Multiple questions and datapoints on PubSub (FloodSub, Gossipsub, gerbil-simsub) #19

JustinDrake · 2018-05-08T09:51:50Z

Hi there :) This is Justin from Ethereum. I am doing some due diligence on libp2p's pubsub to see if we can potentially use it for the sharding (Ethereum 2.0) gossip feeds.

Are gossipsub and meshsub the same thing? Is gossipsub the official name?
Who is working on the Go implementation of gossipsub? Is is @vyzo only right now?
Where can I find documentation on gossipsub?
Did I understand correctly that gossipsub is a pubsub MVP? What is the pubsub roadmap after gossipsub has been implemented?
How mature is gossipsub? Would it be fair to say it is still alpha? What is the target release date for gossipsub?
How does gossipsub scale with number of users? How well would it handle, say, 10000 users on the same topic?
Is there a public gossipsub testnet we can play with?
Where does the gossipsub design come from? Is it "home-rolled", based on a specific academic paper, etc.?
Would it be fair to say that pubsub research has settled on the current gossipsub design?
What are the high-level properties of gossipsub? Can I confirm that the design is "best effort" in that it provides no guarantees around delivery, ordering or persistence of messages.
What is the persistence layer of messages? In this comment there is a mention of a "time t" after which messages are expired. Where can I find this parameter t in the code?
Does gossipsub build upon floodsub? Specifically are the IHAVE messages flooded?
Is the gossipsub simulation for a single topic?
Do you know of any projects that have experimented/tested the existing gossipsub codebase?
What is the status of gossipsub in js-libp2p?
Is it possible to wrap the Go implementation with Python bindings? Would it be feasible to use XTP for that?
Is the recurring research call still active?
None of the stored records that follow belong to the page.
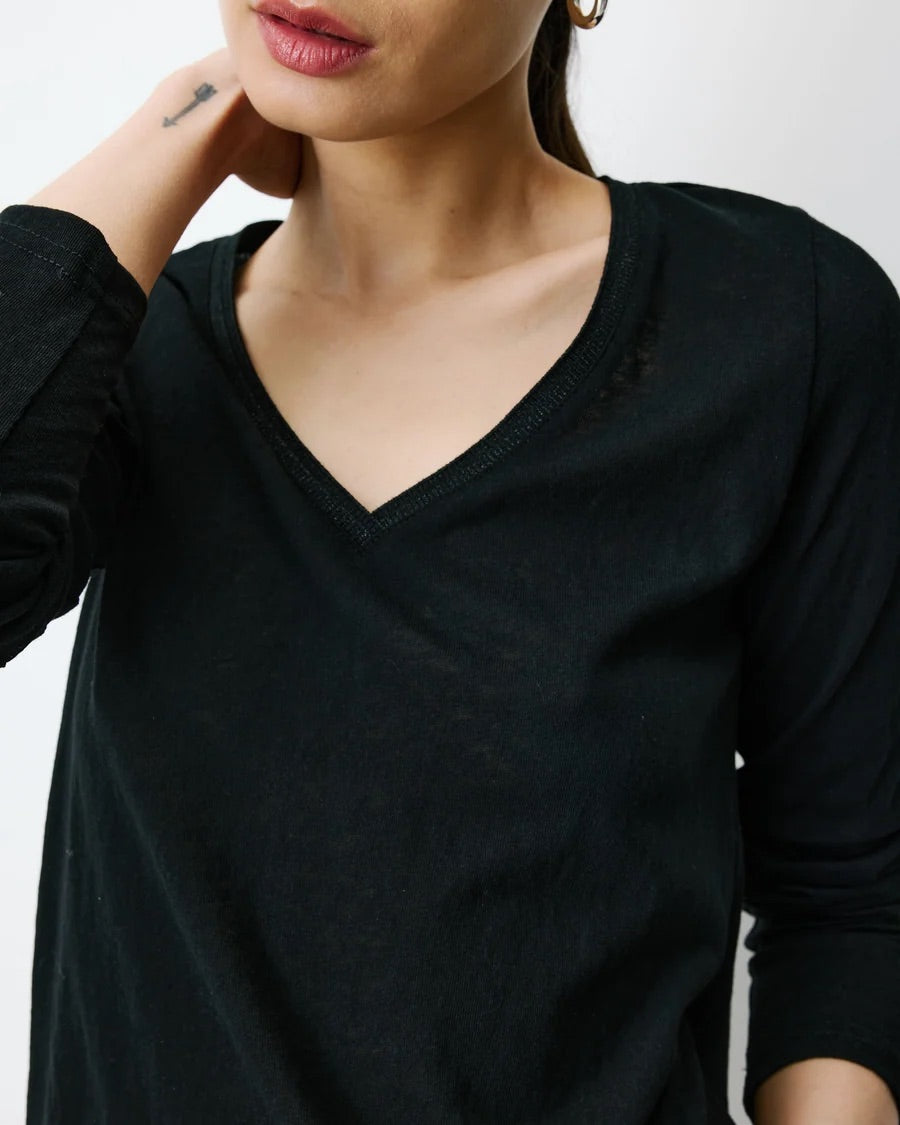 T-shirt ABRICOT GRACE & MILA noir – détail du col V avec bordure en lurex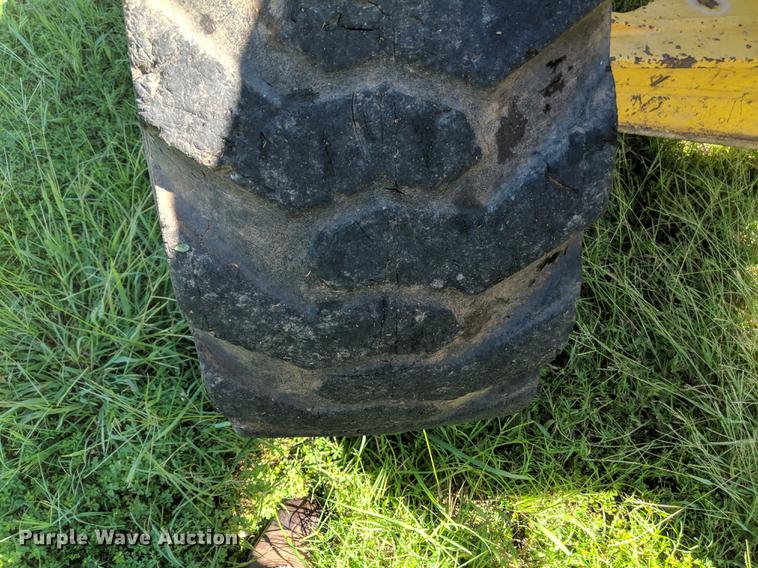 image for item DF1255 2007 Komatsu WB146-5 backhoe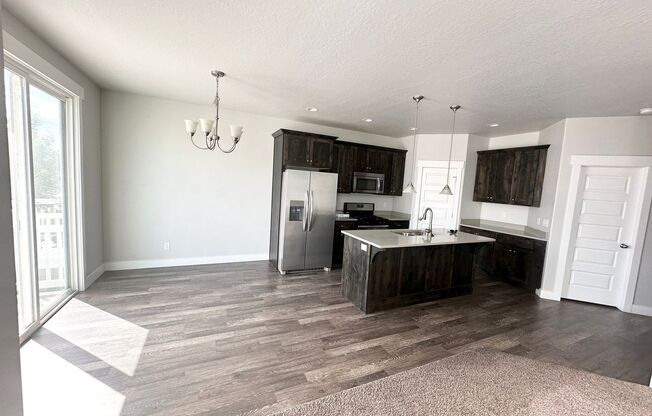 4 Bedroom/3.5 Bathroom Lehi
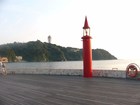 片瀬漁港の赤い灯台 [江の島] [灯台] 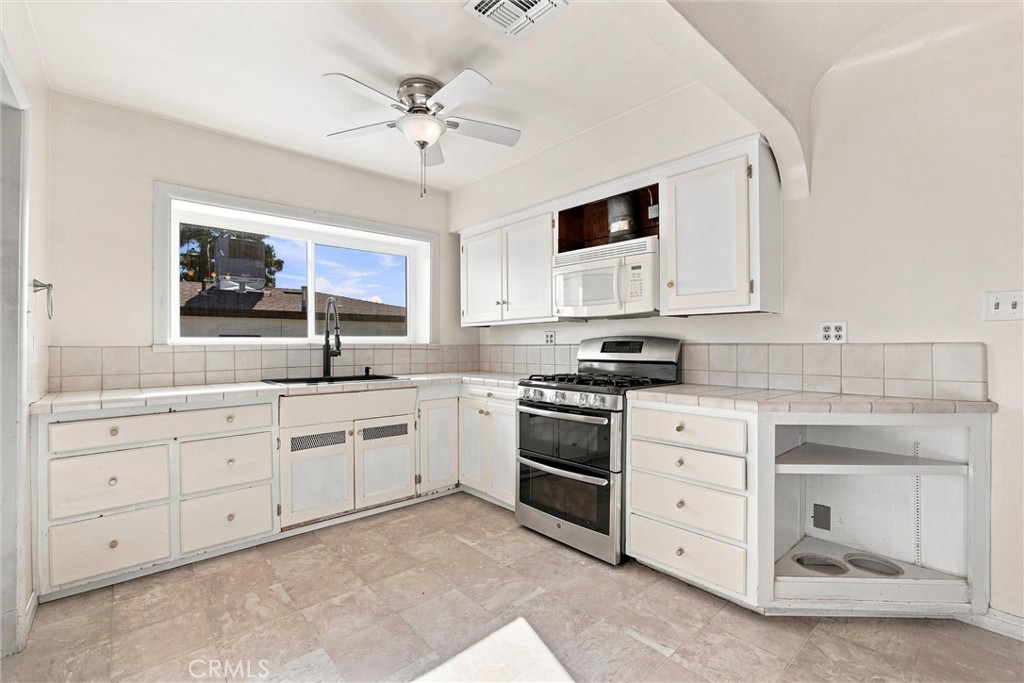 1904 Radiance Property Photo 14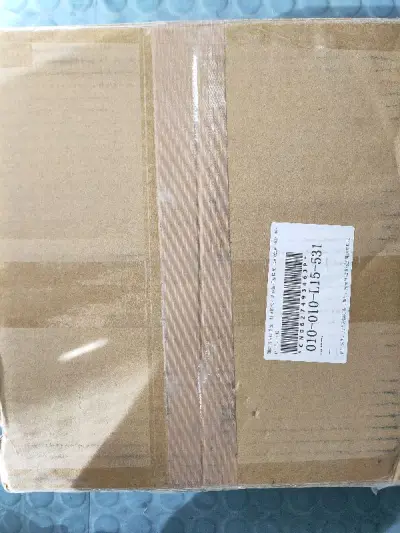 这是我近期最棒的一次购物，这几张CD不仅价格实惠而且品相完美如新，我连擦拭的地方都没有。我选的海运，物流速度比我预想的要快一点点。包装严实，盘盒没有任何的磕碰，看着这些闪闪发光的CD，心情大好，感谢挖煤姬的小哥哥小姐姐用心的服务~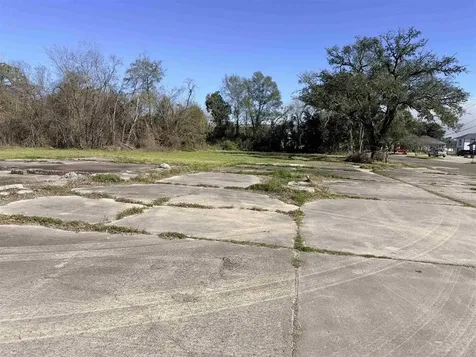 1606 W Park Avenue Orange TX 77630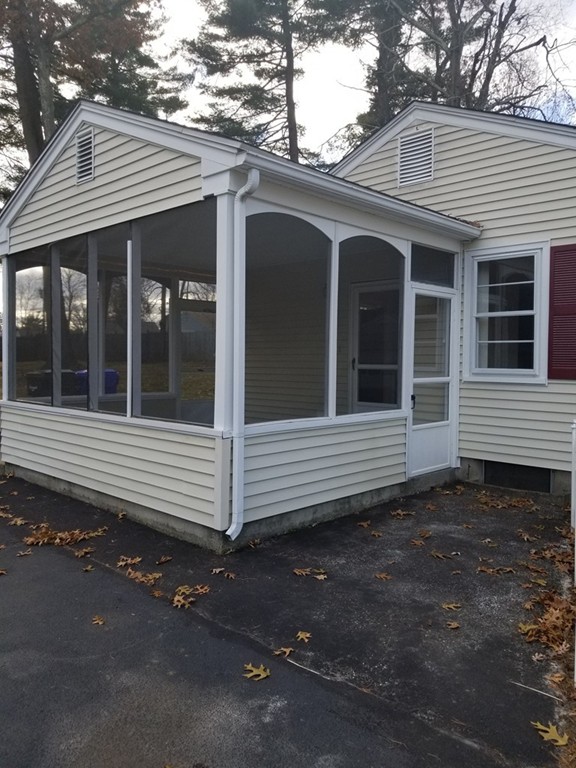 111 Mary Coburn Road Springfield, MA 01129 - Photo 3 of 16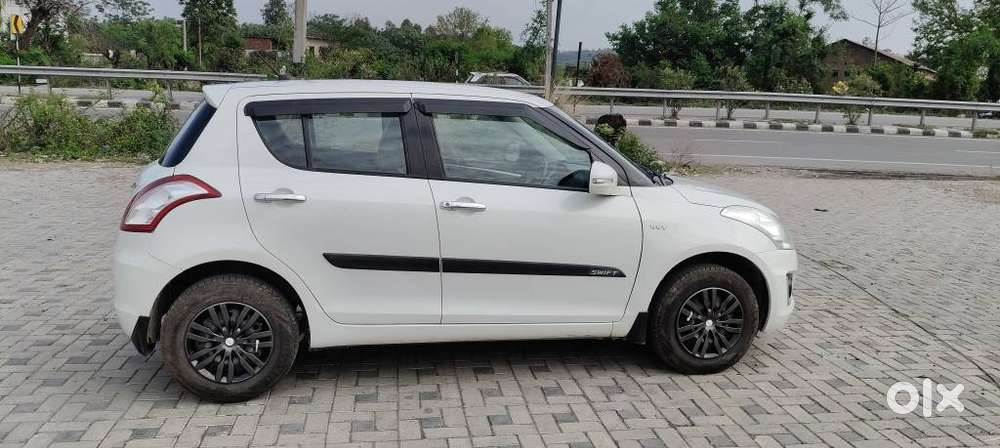 Maruti Suzuki Swift Vxi, 2016, Petrol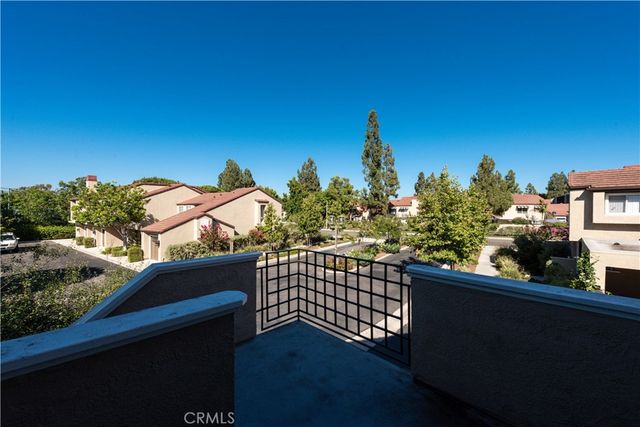 375 Stanford Court 9, Irvine, CA 92612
Various links (to help me for future reference)

Gossipsub notes
https://gist.github.com/vyzo/3e42cd92becd9972e007c8bffb1ea298

Gossipsub simulator
https://github.com/vyzo/gerbil-simsub

Gossipsub pull request
libp2p/go-libp2p-pubsub#67

Reliable and/or Persistent Pubsub
libp2p/go-libp2p-pubsub#42

PulsarCast M.Sc Thesis - Scaling libp2p PubSub
ipfs/notes#266

Take a look at pubsub on IPFS
https://ipfs.io/blog/25-pubsub

Pubsub research
https://github.com/libp2p/research-pubsub

XL peer-to-peer PubSub systems (pubsub survey)
http://dl.acm.org/citation.cfm?id=2543583

The text was updated successfully, but these errors were encountered:

vyzo · 2018-05-08T10:08:58Z

cc @whyrusleeping

vyzo · 2018-05-08T11:14:04Z

Are gossipsub and meshsub the same thing? Is gossipsub the official name?

gossipsub is intended to be the baseline of the "meshsub" family of protocols.

Who is working on the Go implementation of gossipsub? Is is @vyzo only right now?

we are working with why on this, it's not a solo effort.

Where can I find documentation on gossipsub?

Uhm, we are currently lacking on that department. I will put something together for the specs repo.

Did I understand correctly that gossipsub is a pubsub MVP? What is the pubsub roadmap after gossipsub has been implemented?

Yes, it's the MVP. It is designed to be general purpose, robust, scalable, and simple to implement.
Particular thought in the design went into catering for multiple, random (possible one time) sources.

We are planning to integrate additional protocols on top for specific applicaiton profiles.
For example, single source multicast (eg: video stream) would require a more specialized protocol, which we plan to do with epidemic broadcast tree forming.

How mature is gossipsub? Would it be fair to say it is still alpha? What is the target release date for gossipsub?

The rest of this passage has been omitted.